She beat them back with her hands as she felt Villars’ eager pressure on one side and the slow, steady advance of Mrs. Geary on the other. She knew that their fingers itched to raise the veil of that cloak. If they had raised it, she must have gone mad!
Margery firmly closed the door.
“Really, my dear Lady Lochore,” complained Villars, “I think the matter should be further investigated. I can understand your delicate repugnance, but positively that figure on the floor—Deyvil take me—it looked like a corpse!”
“Fool, do you not see it was a ruse, a trick? Ah, it has made me sick—it is too disgusting——”
She wiped the sweat from her brow, and then in truth shuddered as from a deadly nausea.
Mrs. Geary, breathing hard and fanning herself with her handkerchief, had fixed her gaze on the speaker’s face. Her ideas moved very slowly, but they were sure.
“My dear, your whole behaviour is incomprehensible,” she said. “Mr. Villars is quite right. The matter should be investigated. Who, and in what condition, is the man under that woman’s cloak? It is our duty to elucidate the matter. Where is Mr. Herrick?”
“And for that matter, where is Colonel Harcourt?” sneered Mr. Villars.
“You shall not dare!” screamed Lady Lochore. She arrested a retrograde movement on either side with violently extended arms. “Out—back to your rooms, all of you! Are you devils, that you should want to gloat—”
Margery laid her left hand warningly on her elbow, and Lady Lochore broke off abruptly. What had she said? She had no idea herself. She could have flung herself on her face and shrieked aloud. The fearful deed was done! There could now be no more doubt. The brand of Cain was on her brow! Her death-sweat would not wash it off! It was burnt into the very bone!

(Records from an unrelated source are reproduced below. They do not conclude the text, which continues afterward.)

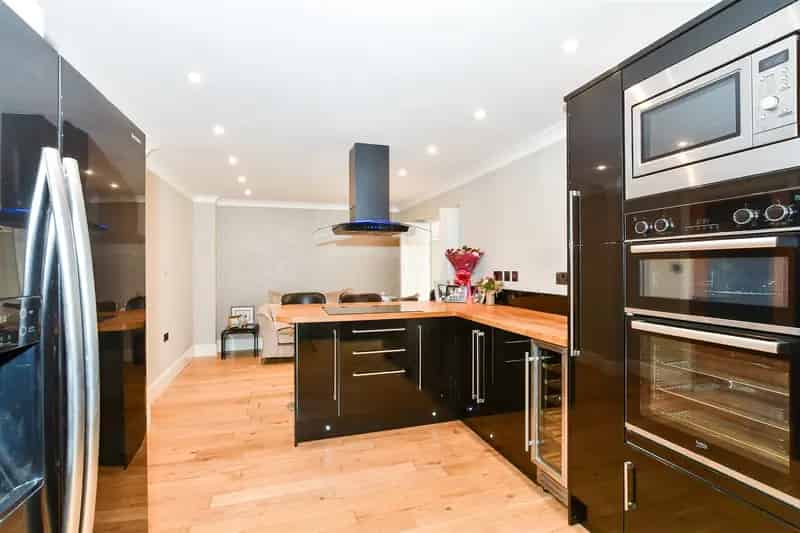 4 Bedroom Detached House for Sale Near Good Schools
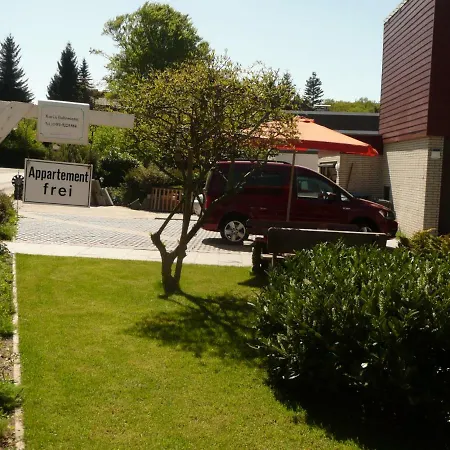 Frei Zur Sonne Mit Dachterrasse Malente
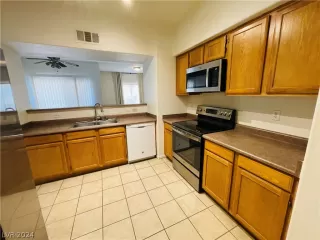 Photo #2: 2600516 Listing 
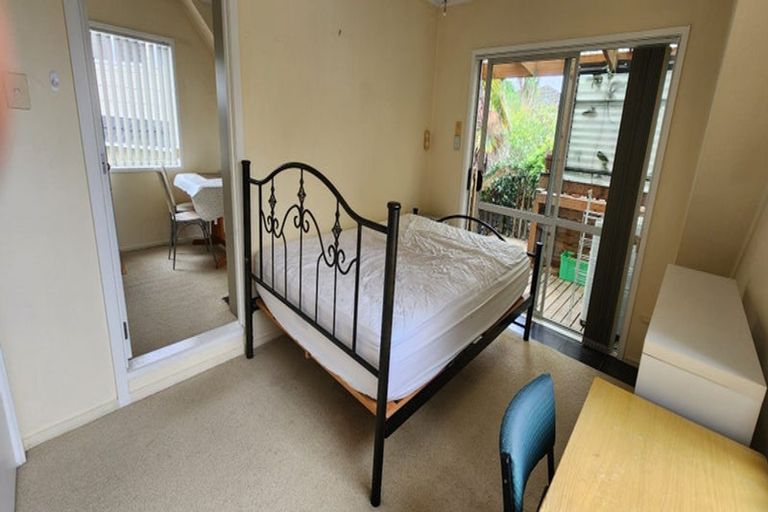 Photo of property in 11 Cobblestone Lane, Hillcrest, Auckland, 0627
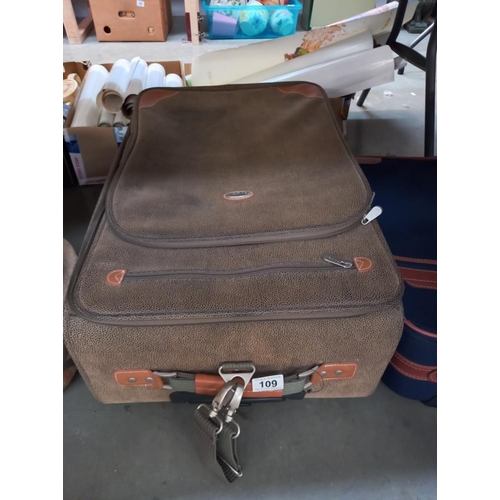 109 - 2 luggage cases COLLECT ONLY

She had thrust her guests into the passage with as little ceremony as Lady Macbeth dismissing the feasters. When the door of Ellinor’s outer room was closed between them and that something with Sir David’s signet-ring, the clutch at her heart relaxed a little and she could draw her breath with more ease. A sort of apathy began to creep over her. Margery was speaking and she could listen:
“Her ladyship being so delicate, it is quite natural she should be upset. It is her ladyship’s way to act on impulse. But to find such doings under her ladyship’s own roof, so to speak, and the person a close relation of the family! Mistress Marvel is a very clever lady, and whether the gentleman were drunk or asleep—” she looked up a second swiftly at Lady Lochore, and resumed the soothing trickle of speech, “her ladyship is quite right. So long as she knows how she stands with regard to Mrs. Marvel, there had better be no open scandal, such as leads,” said Margery piously, “to gentlemen’s duels and the like.”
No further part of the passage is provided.